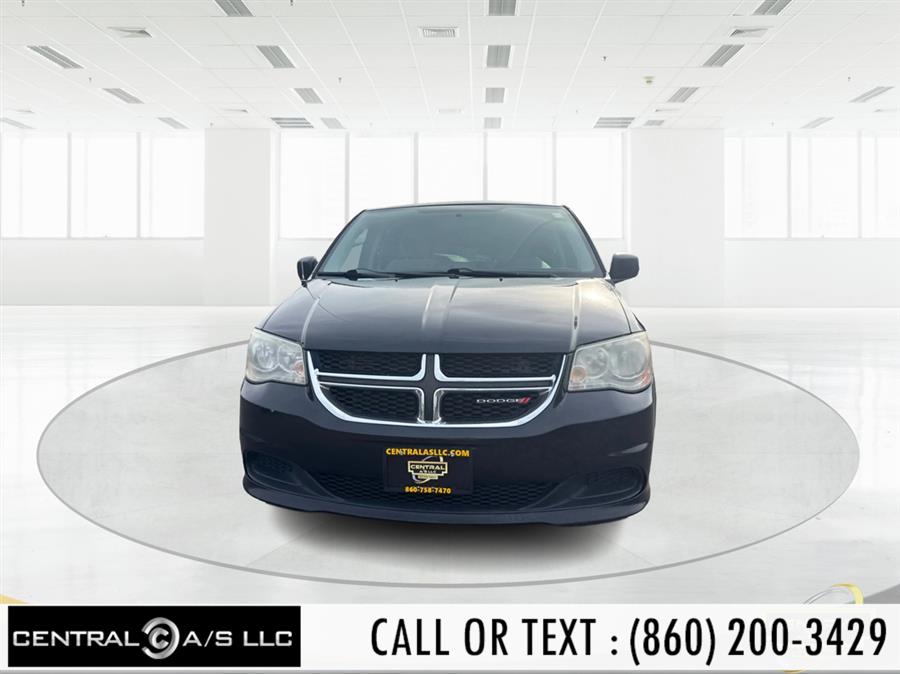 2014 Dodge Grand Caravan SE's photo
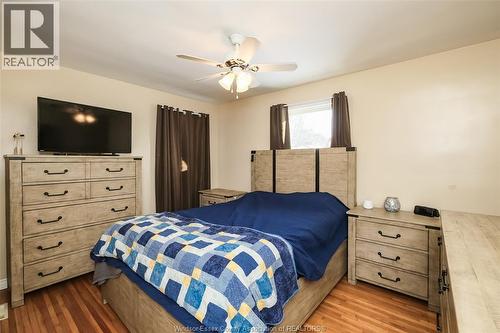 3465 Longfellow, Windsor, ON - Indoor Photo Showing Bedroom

...

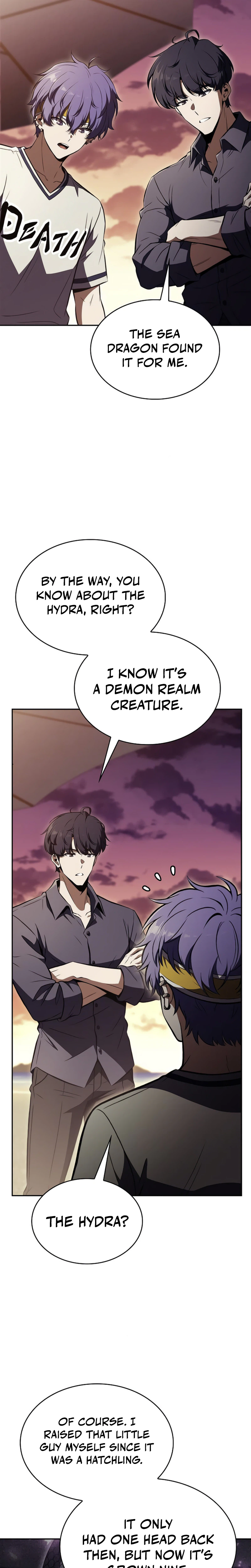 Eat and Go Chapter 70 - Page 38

--

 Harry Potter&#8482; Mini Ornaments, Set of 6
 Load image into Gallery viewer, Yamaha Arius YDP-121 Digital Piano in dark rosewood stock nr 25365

**Exercise:** When you reach the line that has "2014 Dodge Grand Caravan SE's photo" in the data above, start repeating lines exactly, and stop after the line that has "3465 Longfellow, Windsor, ON"; pictures stay out.

**Response for this exercise:**
 2014 Dodge Grand Caravan SE's photo
 3465 Longfellow, Windsor, ON - Indoor Photo Showing Bedroom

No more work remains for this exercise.